Soak in the milk for at least 3 or 4 hours and then rinse with cold water.
Mix your favorite seasonings with 1/2 cup of flour and then coat the liver in the seasoned flour.
In a large skillet over medium heat cook sliced onions in butter or bacon grease for about 4 minutes.
Add the sliced liver and fry until brown, turning once. I like my liver to have just a touch of pink in it.
Serve with mashed potatoes:


They say beaver liver tastes like goose liver. They must mean domestic goose liver because this beaver liver did not taste anything like wild goose liver. And I was expecting beaver liver to have some willow flavor but it did not. It was mild tasting with no disagreeable flavors or odors:


Milder than deer or elk liver, if you're a liver fan I'd give this a try.
.


----------



## wyogoob

*fried beaver liver*

Here's a picture for those of you, like *GaryFish, *that aren't big fans of liver.

Liver is the big dark thing on the left:


----------



## wyogoob

*Oh boy, fried beaver liver for breakfast*

Leftover liver n onions with eggs for breakfast...Life is good.

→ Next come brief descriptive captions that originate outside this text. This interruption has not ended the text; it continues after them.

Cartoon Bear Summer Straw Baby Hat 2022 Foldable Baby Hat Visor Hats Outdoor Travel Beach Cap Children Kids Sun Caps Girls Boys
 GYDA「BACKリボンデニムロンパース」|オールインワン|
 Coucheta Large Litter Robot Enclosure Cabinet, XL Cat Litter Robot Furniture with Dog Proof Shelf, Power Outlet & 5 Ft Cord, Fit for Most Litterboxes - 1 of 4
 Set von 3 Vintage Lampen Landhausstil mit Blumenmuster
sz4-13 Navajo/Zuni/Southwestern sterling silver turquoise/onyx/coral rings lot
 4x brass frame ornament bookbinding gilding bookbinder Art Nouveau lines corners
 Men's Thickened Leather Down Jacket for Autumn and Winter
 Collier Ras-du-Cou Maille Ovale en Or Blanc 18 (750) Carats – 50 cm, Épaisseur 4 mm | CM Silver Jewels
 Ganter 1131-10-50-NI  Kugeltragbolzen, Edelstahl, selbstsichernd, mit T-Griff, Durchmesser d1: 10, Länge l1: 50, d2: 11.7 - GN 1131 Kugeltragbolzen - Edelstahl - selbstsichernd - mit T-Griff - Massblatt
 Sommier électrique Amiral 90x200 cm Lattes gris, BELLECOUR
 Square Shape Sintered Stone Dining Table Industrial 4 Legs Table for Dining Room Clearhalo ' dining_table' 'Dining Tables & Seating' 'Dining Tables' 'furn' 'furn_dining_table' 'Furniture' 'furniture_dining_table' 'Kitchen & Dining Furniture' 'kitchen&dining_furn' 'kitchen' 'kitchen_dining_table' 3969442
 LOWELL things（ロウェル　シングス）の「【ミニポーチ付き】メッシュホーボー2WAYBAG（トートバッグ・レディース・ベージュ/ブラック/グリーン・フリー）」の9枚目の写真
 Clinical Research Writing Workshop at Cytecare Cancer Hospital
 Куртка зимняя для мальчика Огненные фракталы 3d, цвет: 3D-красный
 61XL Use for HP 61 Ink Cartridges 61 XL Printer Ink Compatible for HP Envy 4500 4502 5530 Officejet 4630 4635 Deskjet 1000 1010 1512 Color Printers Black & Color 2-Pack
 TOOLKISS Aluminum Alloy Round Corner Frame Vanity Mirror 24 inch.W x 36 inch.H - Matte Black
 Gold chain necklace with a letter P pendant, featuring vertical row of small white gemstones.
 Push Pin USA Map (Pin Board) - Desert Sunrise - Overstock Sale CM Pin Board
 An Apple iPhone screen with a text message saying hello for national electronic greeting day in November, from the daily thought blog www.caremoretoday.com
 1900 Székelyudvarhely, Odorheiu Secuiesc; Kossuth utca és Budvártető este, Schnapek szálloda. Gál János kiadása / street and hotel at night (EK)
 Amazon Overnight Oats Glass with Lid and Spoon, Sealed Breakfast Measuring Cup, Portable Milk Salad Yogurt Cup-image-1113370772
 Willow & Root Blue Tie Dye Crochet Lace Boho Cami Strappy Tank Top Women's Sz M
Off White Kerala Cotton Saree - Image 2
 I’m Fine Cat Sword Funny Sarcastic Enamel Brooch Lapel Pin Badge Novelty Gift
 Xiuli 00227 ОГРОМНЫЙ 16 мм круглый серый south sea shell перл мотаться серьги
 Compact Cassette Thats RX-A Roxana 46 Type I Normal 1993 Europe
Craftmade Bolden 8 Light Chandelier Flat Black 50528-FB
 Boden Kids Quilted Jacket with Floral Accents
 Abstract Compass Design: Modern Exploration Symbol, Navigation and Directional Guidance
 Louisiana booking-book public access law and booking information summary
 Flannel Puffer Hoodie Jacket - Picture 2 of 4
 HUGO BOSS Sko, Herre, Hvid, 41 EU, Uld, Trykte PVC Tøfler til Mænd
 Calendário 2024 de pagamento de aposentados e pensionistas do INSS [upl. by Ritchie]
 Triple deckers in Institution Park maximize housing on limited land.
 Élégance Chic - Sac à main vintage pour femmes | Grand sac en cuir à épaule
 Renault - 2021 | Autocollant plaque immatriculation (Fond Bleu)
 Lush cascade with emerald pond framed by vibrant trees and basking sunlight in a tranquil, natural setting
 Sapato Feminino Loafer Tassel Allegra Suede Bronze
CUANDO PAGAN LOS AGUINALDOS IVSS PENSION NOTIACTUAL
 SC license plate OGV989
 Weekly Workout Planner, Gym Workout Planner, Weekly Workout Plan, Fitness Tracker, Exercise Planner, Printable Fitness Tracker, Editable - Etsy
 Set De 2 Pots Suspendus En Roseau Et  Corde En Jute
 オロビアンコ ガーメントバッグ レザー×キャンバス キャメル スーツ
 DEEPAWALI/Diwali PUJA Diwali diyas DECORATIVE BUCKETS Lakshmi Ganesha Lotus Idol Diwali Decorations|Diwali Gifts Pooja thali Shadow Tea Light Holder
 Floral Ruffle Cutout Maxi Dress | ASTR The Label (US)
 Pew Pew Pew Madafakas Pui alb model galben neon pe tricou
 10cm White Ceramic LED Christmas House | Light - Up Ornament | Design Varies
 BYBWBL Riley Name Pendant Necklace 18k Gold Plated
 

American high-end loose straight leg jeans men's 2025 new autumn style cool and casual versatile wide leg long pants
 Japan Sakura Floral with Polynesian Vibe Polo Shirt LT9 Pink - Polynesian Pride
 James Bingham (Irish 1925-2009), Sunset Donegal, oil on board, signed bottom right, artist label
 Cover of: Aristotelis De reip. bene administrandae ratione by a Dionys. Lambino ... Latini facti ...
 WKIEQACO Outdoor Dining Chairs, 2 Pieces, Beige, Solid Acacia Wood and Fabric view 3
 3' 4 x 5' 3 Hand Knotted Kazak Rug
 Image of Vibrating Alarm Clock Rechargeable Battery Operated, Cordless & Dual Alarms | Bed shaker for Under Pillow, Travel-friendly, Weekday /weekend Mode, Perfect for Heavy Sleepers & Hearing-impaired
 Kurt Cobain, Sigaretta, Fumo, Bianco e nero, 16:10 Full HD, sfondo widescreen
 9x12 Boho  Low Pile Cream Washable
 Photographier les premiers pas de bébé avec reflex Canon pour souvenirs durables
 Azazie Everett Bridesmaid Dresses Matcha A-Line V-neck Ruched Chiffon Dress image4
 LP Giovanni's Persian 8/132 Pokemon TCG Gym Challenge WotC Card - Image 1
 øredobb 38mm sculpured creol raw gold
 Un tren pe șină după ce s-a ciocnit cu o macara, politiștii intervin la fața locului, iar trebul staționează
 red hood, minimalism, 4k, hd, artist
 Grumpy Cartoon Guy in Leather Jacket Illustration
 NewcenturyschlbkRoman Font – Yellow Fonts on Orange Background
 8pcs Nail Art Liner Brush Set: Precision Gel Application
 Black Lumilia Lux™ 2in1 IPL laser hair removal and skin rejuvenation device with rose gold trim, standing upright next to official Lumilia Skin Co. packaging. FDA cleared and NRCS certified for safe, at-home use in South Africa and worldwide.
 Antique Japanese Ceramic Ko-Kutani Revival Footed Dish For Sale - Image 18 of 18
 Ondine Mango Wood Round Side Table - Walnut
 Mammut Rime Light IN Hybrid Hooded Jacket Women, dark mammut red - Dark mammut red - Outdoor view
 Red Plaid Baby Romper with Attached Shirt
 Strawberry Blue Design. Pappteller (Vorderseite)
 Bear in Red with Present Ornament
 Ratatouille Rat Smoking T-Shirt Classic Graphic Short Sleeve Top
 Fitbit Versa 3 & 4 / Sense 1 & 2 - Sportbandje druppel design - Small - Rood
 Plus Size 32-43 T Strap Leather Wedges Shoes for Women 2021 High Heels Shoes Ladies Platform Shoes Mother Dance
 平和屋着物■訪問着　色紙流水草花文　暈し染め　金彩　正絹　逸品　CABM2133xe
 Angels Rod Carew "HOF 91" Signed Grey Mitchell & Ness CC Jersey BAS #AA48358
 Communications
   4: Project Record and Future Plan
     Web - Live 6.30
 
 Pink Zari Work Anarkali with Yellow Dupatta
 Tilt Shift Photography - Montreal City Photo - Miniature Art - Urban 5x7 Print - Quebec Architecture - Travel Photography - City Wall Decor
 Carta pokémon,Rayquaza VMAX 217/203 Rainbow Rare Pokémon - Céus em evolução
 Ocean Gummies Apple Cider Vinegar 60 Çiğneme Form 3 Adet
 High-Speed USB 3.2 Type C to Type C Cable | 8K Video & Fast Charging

Eyegottago, busier than a beaver today.

.


----------



## 2full

Ya, I like liver too. ;-)


----------



## 35whelen

I served roadkilled beaver at a work barbeque. no idea what i was doing. just threw hind quarter in crockpot n used my wife's French dip recipe. everyone ate it knowing what it was and where it came from. they said they enjoyed it and politely kept their judgment of my character to themselves. i thought meat was a little dry. smelled like willow when i was quartering it. wish i had had this info at the time


----------



## wyogoob

35whelen said:


> I served roadkilled beaver at a work barbeque. no idea what i was doing. just threw hind quarter in crockpot n used my wife's French dip recipe. everyone ate it knowing what it was and where it came from. they said they enjoyed it and politely kept their judgment of my character to themselves. i thought meat was a little dry. smelled like willow when i was quartering it. wish i had had this info at the time


Neat. You can definitely smell the willow in a beaver.


----------



## Critter

wyogoob said:


> Neat. You can definitely smell the willow in a beaver.


I can hear it now, "eat a beaver burger and call me in the morning"


----------



## wyogoob

*Rutabaga Beaver*

Haven't had any beaver in awhile? Gawd, I'm with ya there.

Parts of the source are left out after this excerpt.